PROBLEM TO WORK ON:
Please take the records that follow and repeat exactly the lines starting with the line with "En el Palacio" and going on through the line with "Used 2022 GMC".

INPUT DATA:

◇ ◇ ◇ ◇

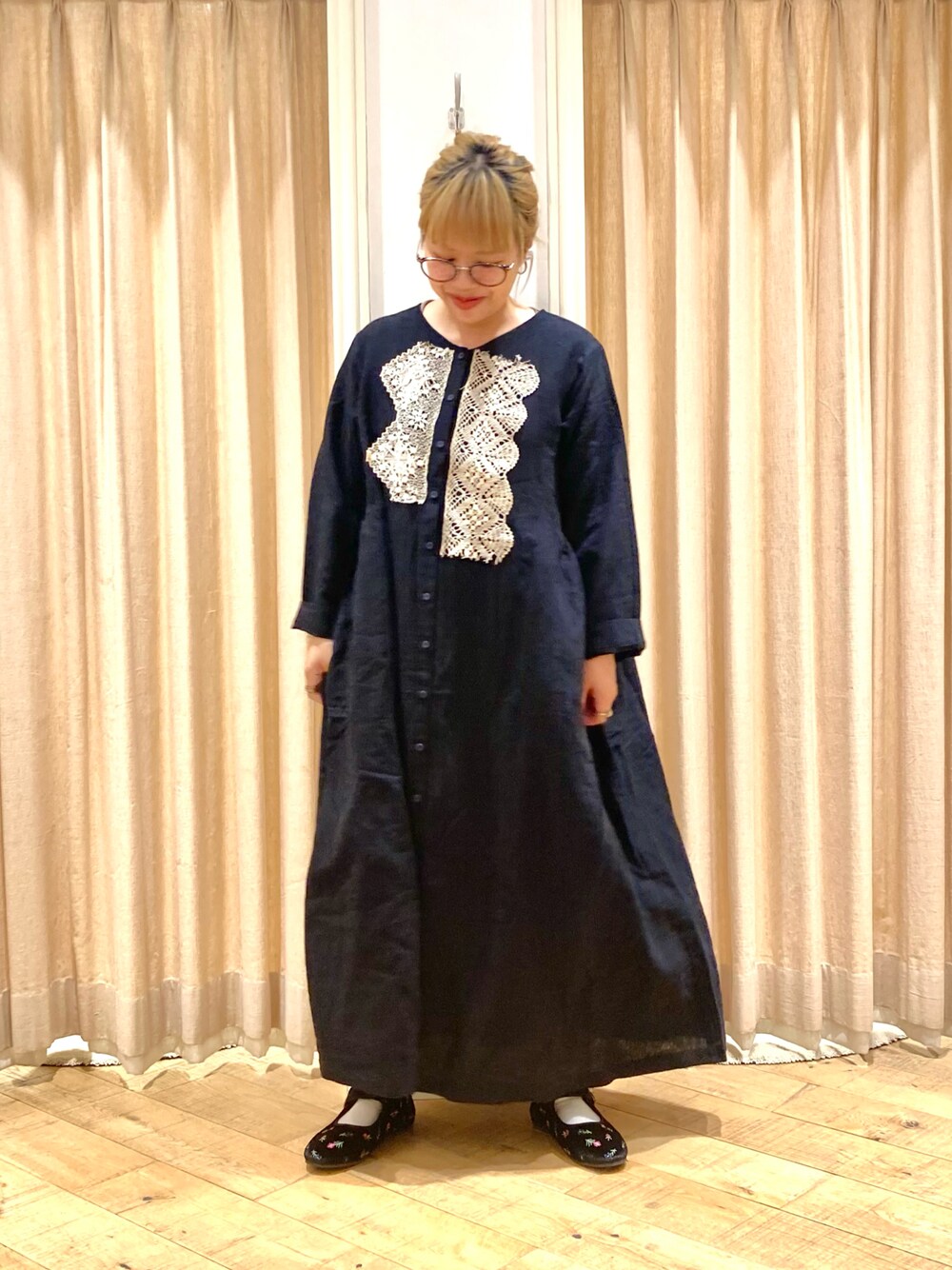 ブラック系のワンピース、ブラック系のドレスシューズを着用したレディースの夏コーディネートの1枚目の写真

◇ ◇ ◇ ◇

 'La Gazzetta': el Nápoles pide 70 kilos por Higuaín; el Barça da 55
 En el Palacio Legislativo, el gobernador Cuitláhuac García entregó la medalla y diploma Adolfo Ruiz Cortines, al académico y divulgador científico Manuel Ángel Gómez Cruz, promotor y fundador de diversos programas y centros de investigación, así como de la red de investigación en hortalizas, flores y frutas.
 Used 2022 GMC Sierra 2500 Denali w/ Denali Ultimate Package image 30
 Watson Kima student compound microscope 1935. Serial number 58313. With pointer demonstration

◇ ◇ ◇ ◇

RESULT OF THIS EXERCISE:
 En el Palacio Legislativo, el gobernador Cuitláhuac García entregó la medalla y diploma Adolfo Ruiz Cortines, al académico y divulgador científico Manuel Ángel Gómez Cruz, promotor y fundador de diversos programas y centros de investigación, así como de la red de investigación en hortalizas, flores y frutas.
 Used 2022 GMC Sierra 2500 Denali w/ Denali Ultimate Package image 30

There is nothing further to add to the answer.